§ **PROVIDED ENTRIES**
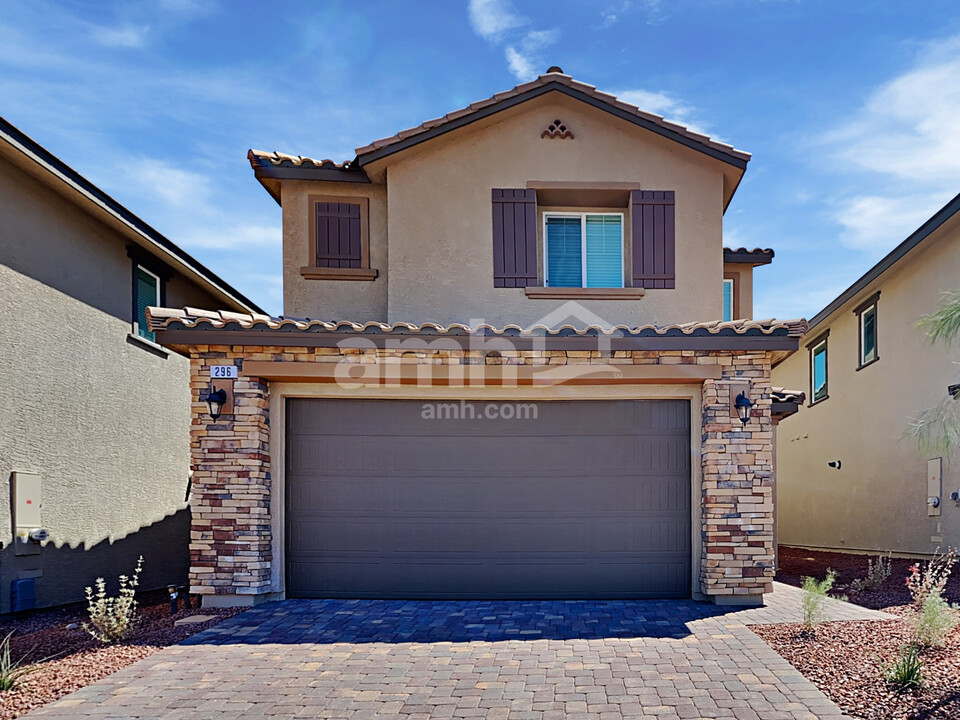 296 Palazza Reserve Pl in Henderson, NV - Building Photo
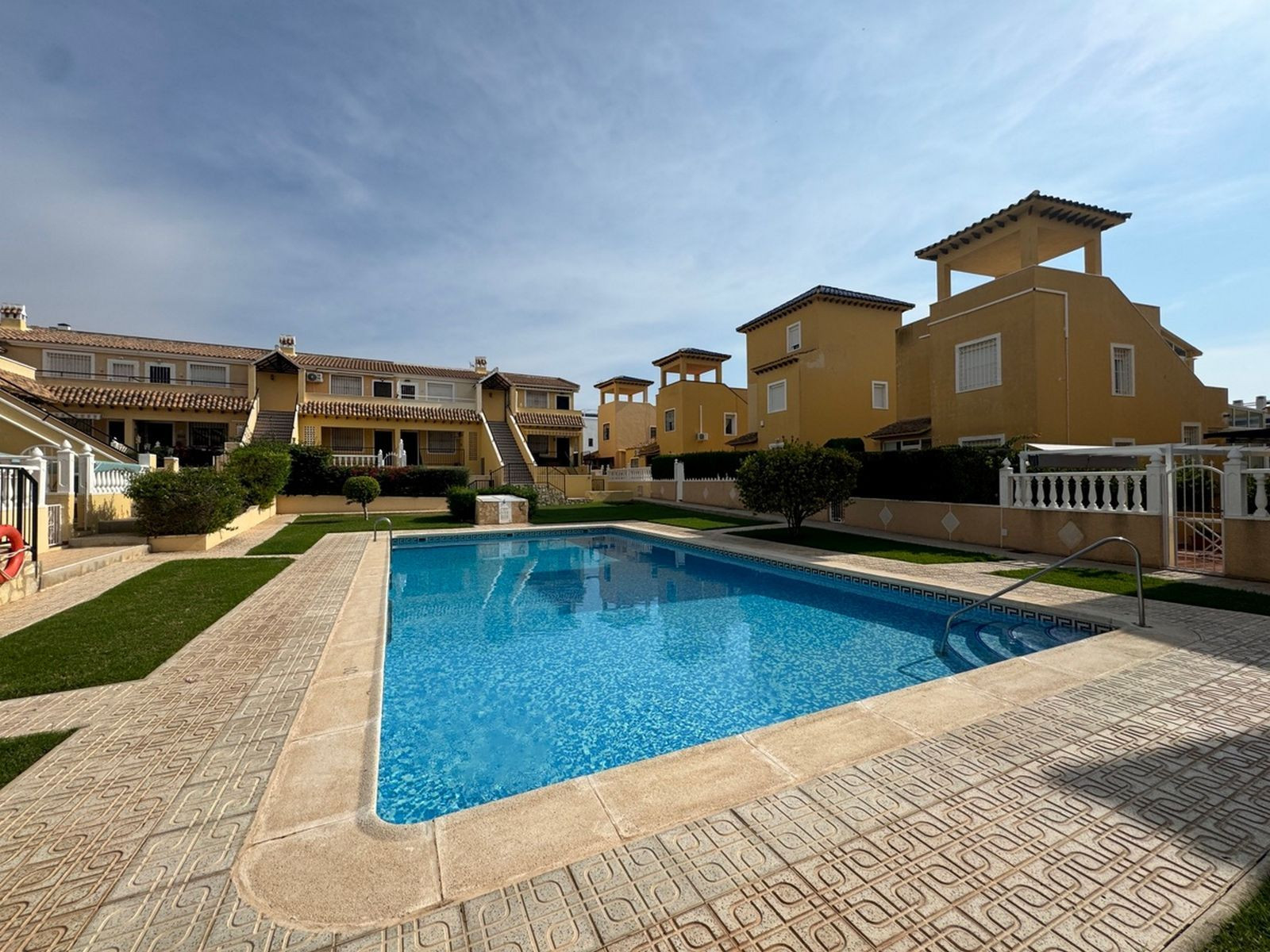 Apartment in San Miguel de Salinas - view 1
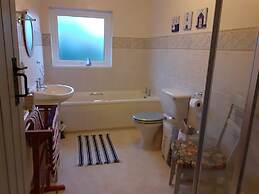 Inviting 3-bed Cottage Close to Pwllheli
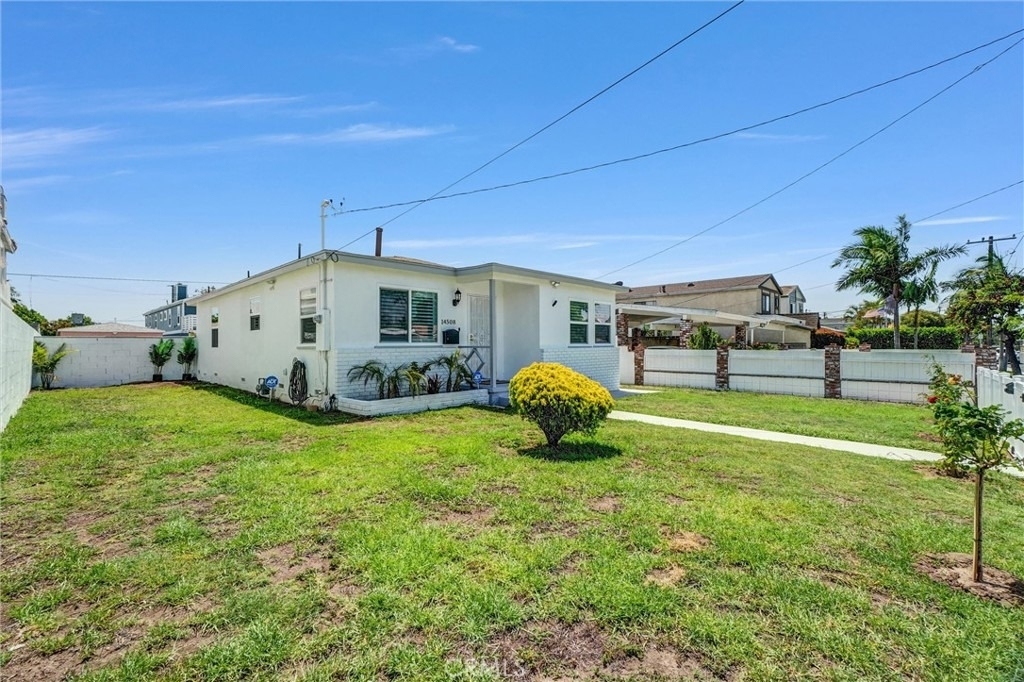 14508 Kingsdale Avenue - Photo 0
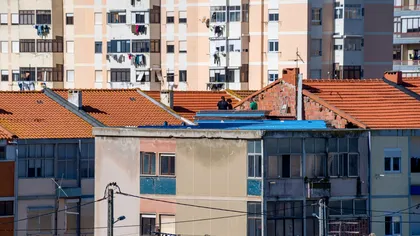 Cine plătește reparația acoperișului într-un bloc? Situația care a stârnit controverse printre români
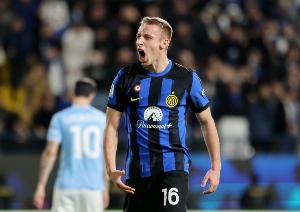 記者：在安古伊薩受傷后，那不勒斯將引援目光望向弗拉泰西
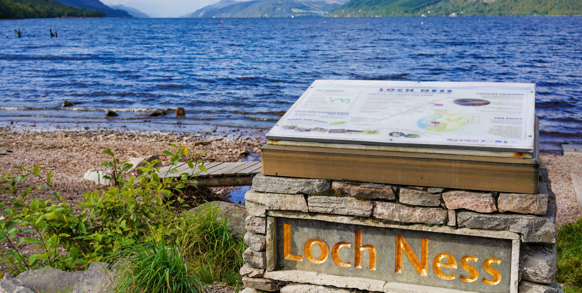 ... hvor vi også når en spændende tur på den berømte sø Loch Ness.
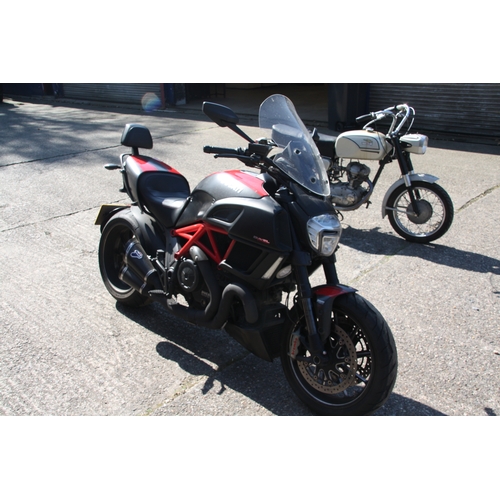 45 - 574-PMN
Red Ducati Diavel Carbon 1198cc
First Registered 04.10.2014
Approx 8,839 miles
Petrol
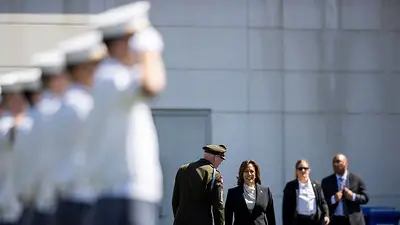 Diez ex altos mandos militares de EEUU respaldan a Harris y califican a Trump de "peligro" Diez ex altos mandos militares de EEUU respaldan a Harris y califican a Trump de "peligro"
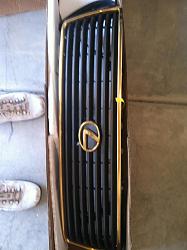 OEM Grille for 95 to 97 LS400-img_0835.jpg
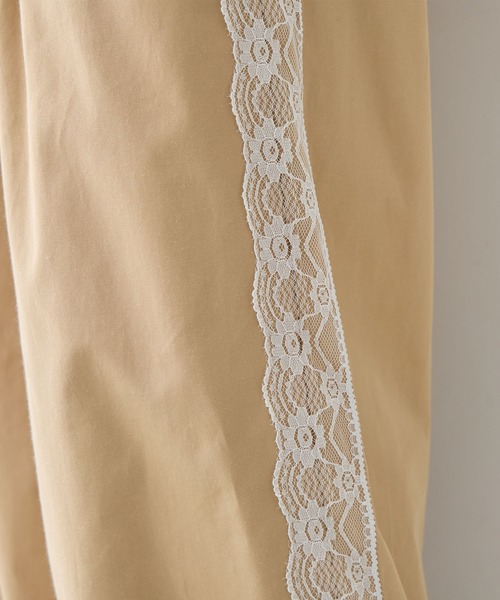 Amourire girl（アムリールガール）の「サイドレーストラックパンツ（カーゴパンツ・キッズ・ベージュ/ブラック・130cm/140cm/150cm/160cm）」の18枚目の写真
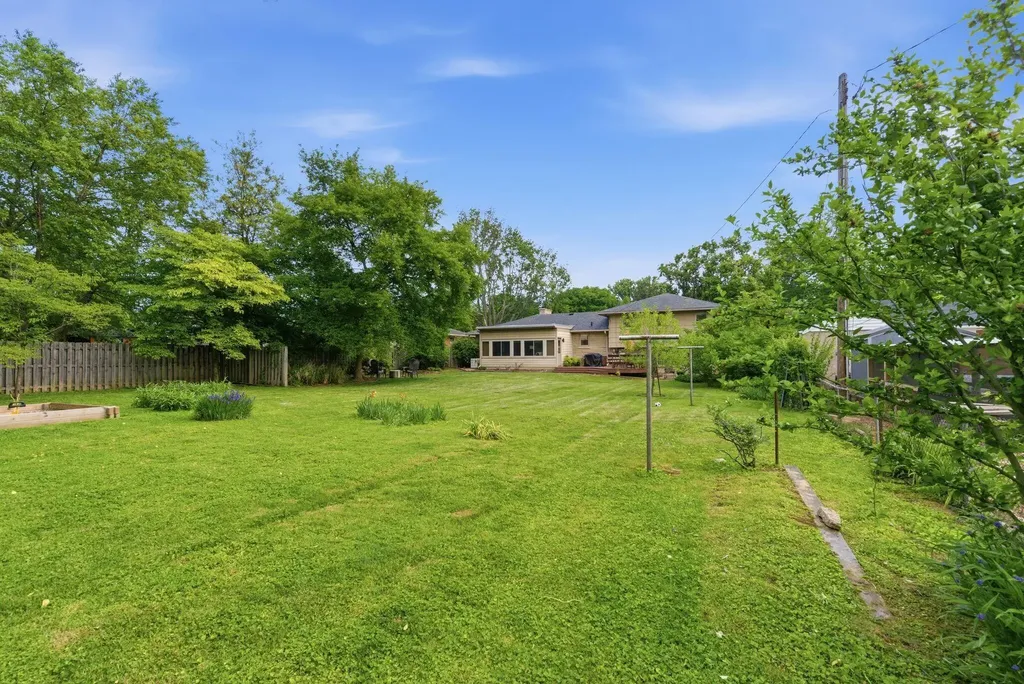 236 Greenbriar Road Lexington KY 40503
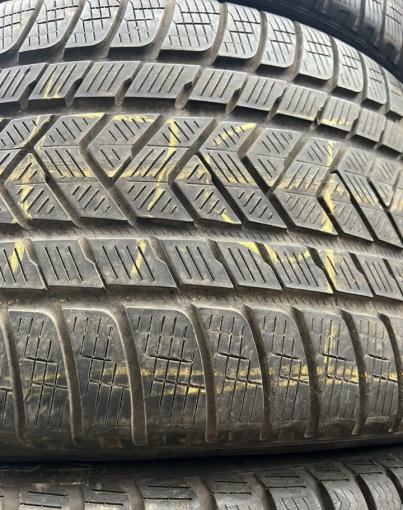 Pirelli Scorpion Winter 325/35 R22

§ **WORK INSTRUCTION**
Using the material above, transcribe exactly the lines from the one holding "Cine plătește reparația" to the one holding "OEM Grille for 95 to 97 LS400-img_0835.jpg", both ends kept. Do not carry over any pictures.

§ **EXERCISE OUTPUT**
 Cine plătește reparația acoperișului într-un bloc? Situația care a stârnit controverse printre români
 記者：在安古伊薩受傷后，那不勒斯將引援目光望向弗拉泰西
 ... hvor vi også når en spændende tur på den berømte sø Loch Ness.
 45 - 574-PMN
Red Ducati Diavel Carbon 1198cc
First Registered 04.10.2014
Approx 8,839 miles
Petrol
 Diez ex altos mandos militares de EEUU respaldan a Harris y califican a Trump de "peligro" Diez ex altos mandos militares de EEUU respaldan a Harris y califican a Trump de "peligro"
 OEM Grille for 95 to 97 LS400-img_0835.jpg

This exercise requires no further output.